Your assignment | In the entries below, repeat only the lines between those holding "26_Nike Tracksuit" and "Ingot Silver Metallic", inclusive. Leave pictures out.

Information |
......

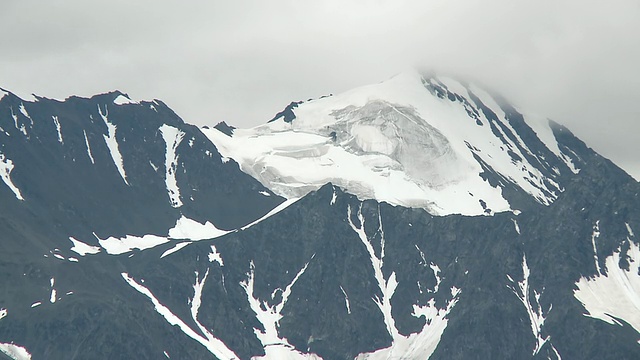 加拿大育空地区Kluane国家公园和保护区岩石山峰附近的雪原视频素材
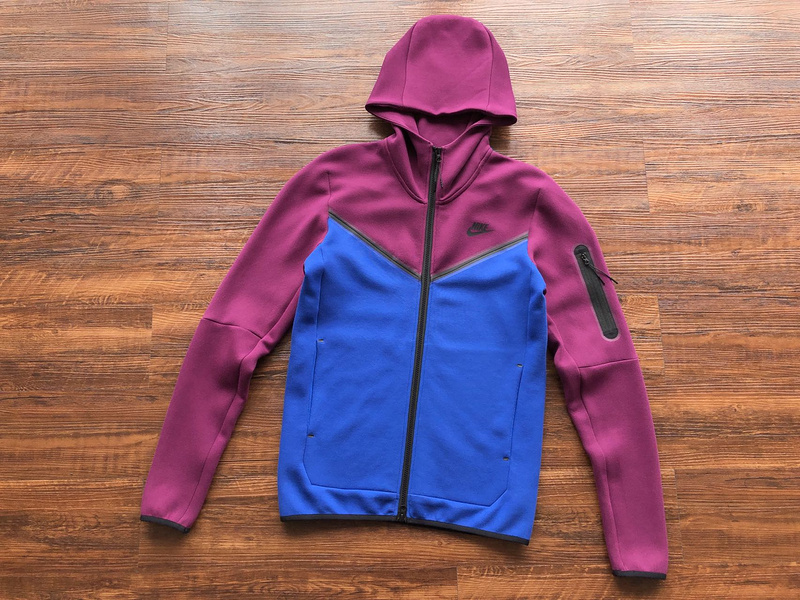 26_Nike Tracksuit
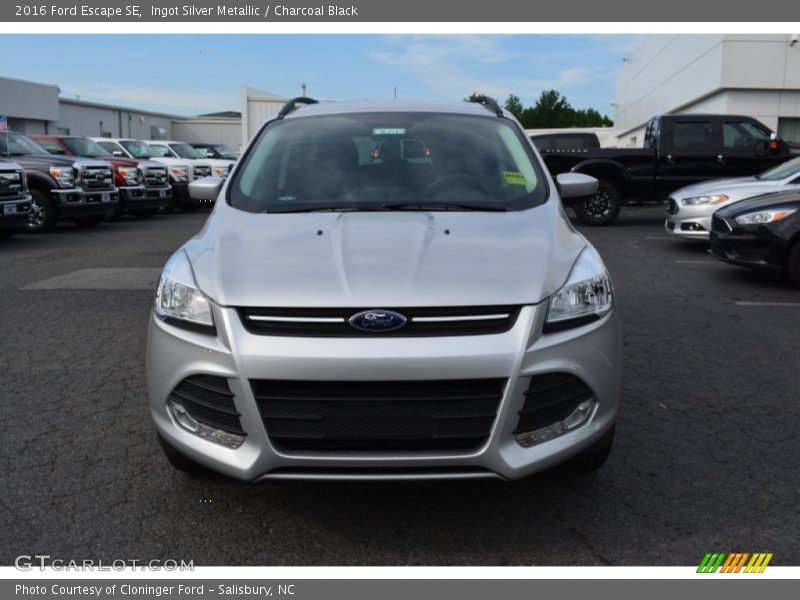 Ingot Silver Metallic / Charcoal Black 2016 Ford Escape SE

......

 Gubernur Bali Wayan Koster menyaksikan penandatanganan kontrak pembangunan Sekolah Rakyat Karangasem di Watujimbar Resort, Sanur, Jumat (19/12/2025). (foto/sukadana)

......

Finished task |
 26_Nike Tracksuit
 Ingot Silver Metallic / Charcoal Black 2016 Ford Escape SE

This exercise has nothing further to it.